Sanjeev Gupta, M.D., M.B.B.S.Dr. Gaglio and his colleagues at Montefiore are now conducting clinical trials of several promising hepatitis C drugs, including an NS5A inhibitor (which blocks a protein that the virus needs to reproduce) and a polymerase inhibitor (which interferes with the virus's ability to assemble DNA building blocks).
Dr. Gaglio believes that the future of HCV therapy and the ability to eradicate viral infection and cure the vast majority of patients will be a reality. "The future of hepatitis C therapy will likely include combining several different, potent medications to achieve just the right ‘cocktail' " he said. "Ideally, we want a combination of drugs that is effective at killing the virus, but that doesn't lead to resistance and is easy to tolerate."
Meanwhile, Einstein researchers are investigating wholly new therapies for hepatitis C, including treatments based on microRNAs, which are small bits of RNA that cells use to dampen or shut down gene expression.

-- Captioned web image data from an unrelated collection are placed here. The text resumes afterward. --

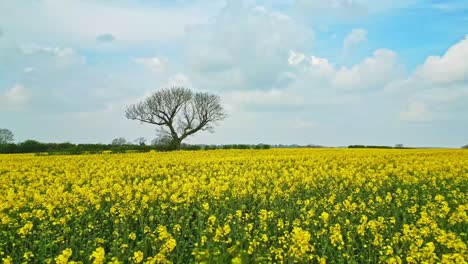 a beautiful panoramic drone footage of a rapeseed crop with two trees and a scenic country road under a blue sky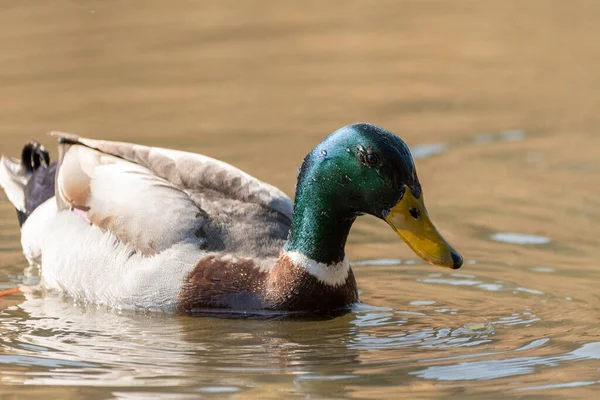 Oberriet Suisse Mars 2022 Repérer Canard Mâle Dans Lac Printemps — Photo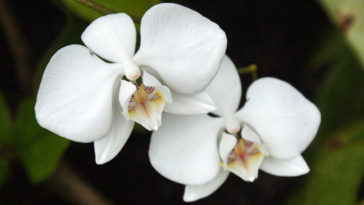 plantas que atraem dinheiro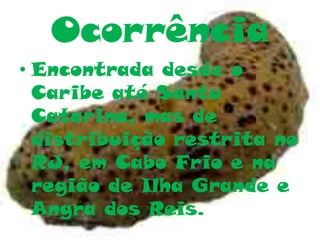 Ocorrência
• Encontrada desde o
Caribe até Santa
Catarina, mas de
distribuição restrita no
RJ, em Cabo Frio e na
região de Ilha Grande e
Angra dos Reis.
 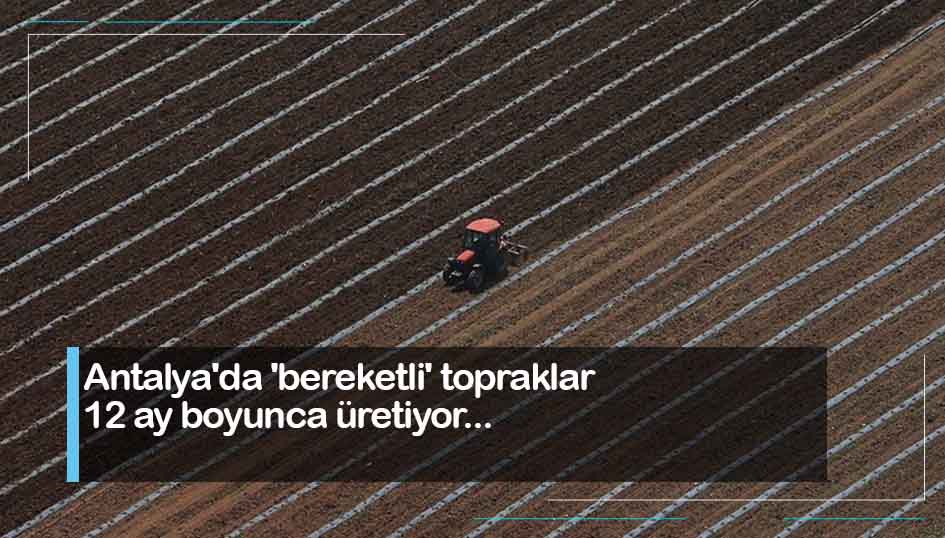 Antalya'da 'bereketli' topraklar 12 ay boyunca üretiyor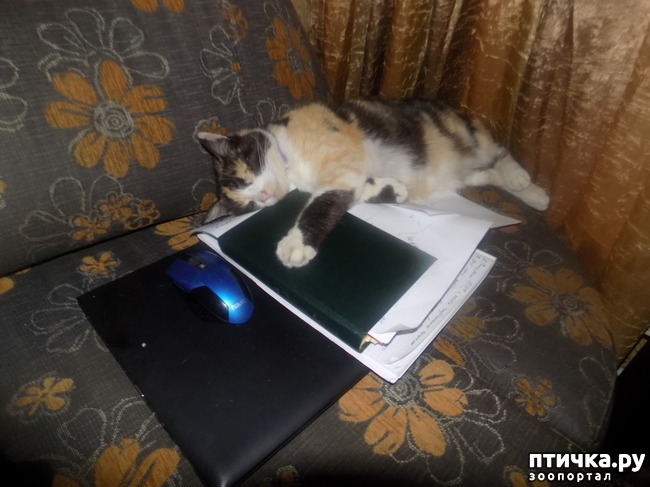 ���� 19: ���� �������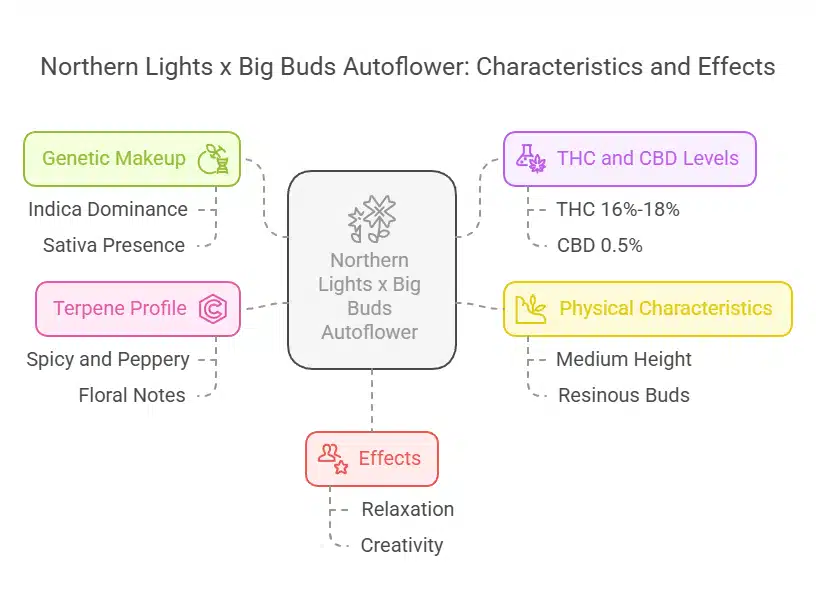 Northern Lights x Big Buds Autoflower Strain chart showing genetics, terpene profile, effects, and THC/CBD levels.
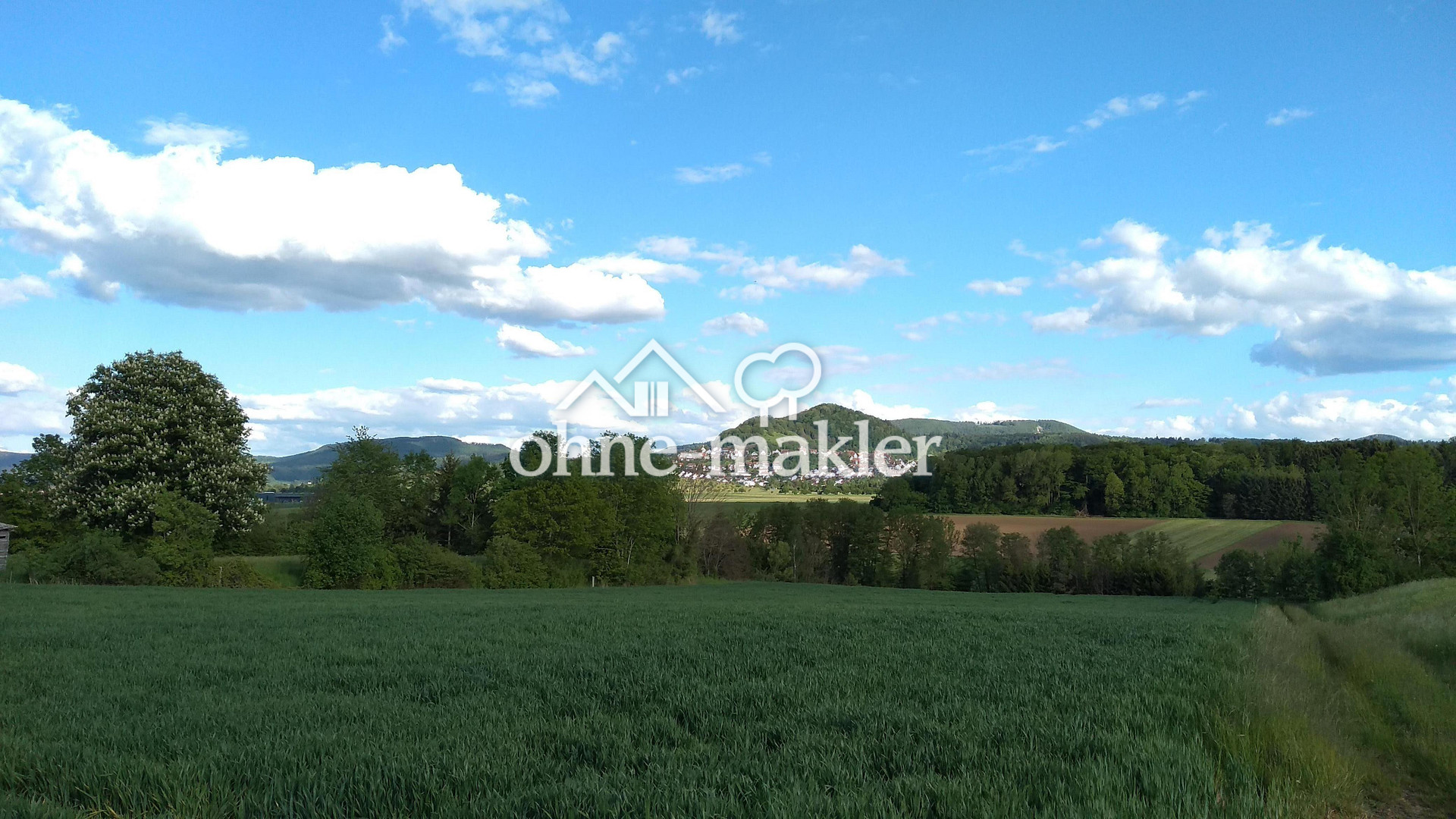 Bild 24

"One of the great unanswered questions about hepatitis C is why the virus survives and replicates in some individuals but not in others," explained Dr. Sanjeev Gupta, professor of medicine and of pathology and the Eleazar & Feige Reicher Chair in Translational Medicine. A physician-scientist, Dr. Gupta suspects that this variation in response is due, at least in part, to one's microRNAs.

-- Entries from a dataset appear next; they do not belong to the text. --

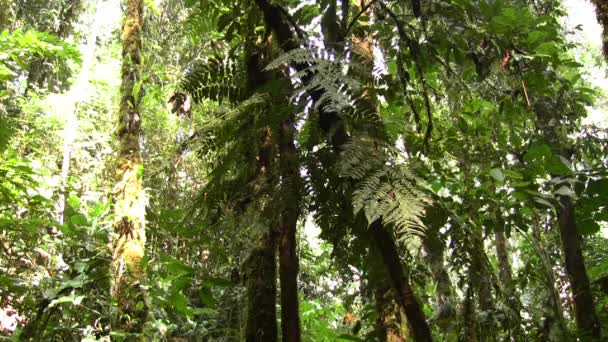 Amazonas Regnskog Palmrötter Och Skimrande Reflektioner Video — Stockvideo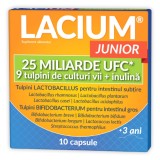 Lacium Junior 25 miliarde UFC, 10 capsule, Zdrovit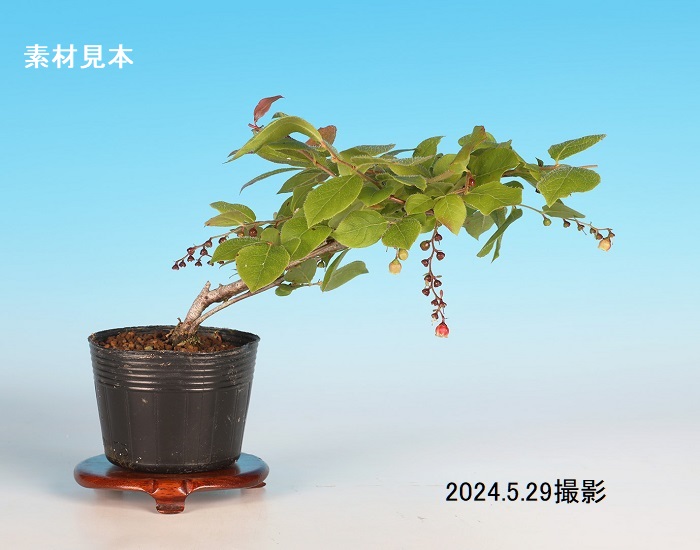 夏はぜ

When liver cells are infected with hepatitis C, he elaborated, they react by generating inflammatory mediators—such as natural interferons, cytokines, and chemokines—which ramp up the body's immune response. Infected cells also produce an array of microRNAs in an attempt to silence the virus's genes. However, it appears that, in some people, the hepatitis C virus is able to hijack the microRNAs, turning off those that are harmful to the virus and turning on those that are beneficial.

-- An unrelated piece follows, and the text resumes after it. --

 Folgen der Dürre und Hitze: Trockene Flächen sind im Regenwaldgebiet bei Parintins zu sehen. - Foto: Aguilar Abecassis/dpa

Using a variety of techniques, Dr. Gupta is trying to determine which microRNAs are involved in this battle royale between virus and cell, and how the balance of power can be tilted in the cell's favor. "Our ultimate goal is to create molecular mimics, that is, synthetic microRNAs, which have antiviral properties."
All of this progress is of little use if people aren't tested for the virus, so that they can undergo treatment before permanent damage occurs. "Before you can treat a disease, you need to know you have it," said Dr. Wolkoff. "The problem is that nearly half of people with hepatitis C don't know they're infected."
Why aren't more people tested for hepatitis C? Physicians deserve some of the blame, acknowledged Dr. Wolkoff, since many are unaware of the risk factors for the disease or are uncomfortable discussing with patients the behaviors related to the infection. "Even a small increase in physicians talking with their patients about hepatitis C could make a big difference."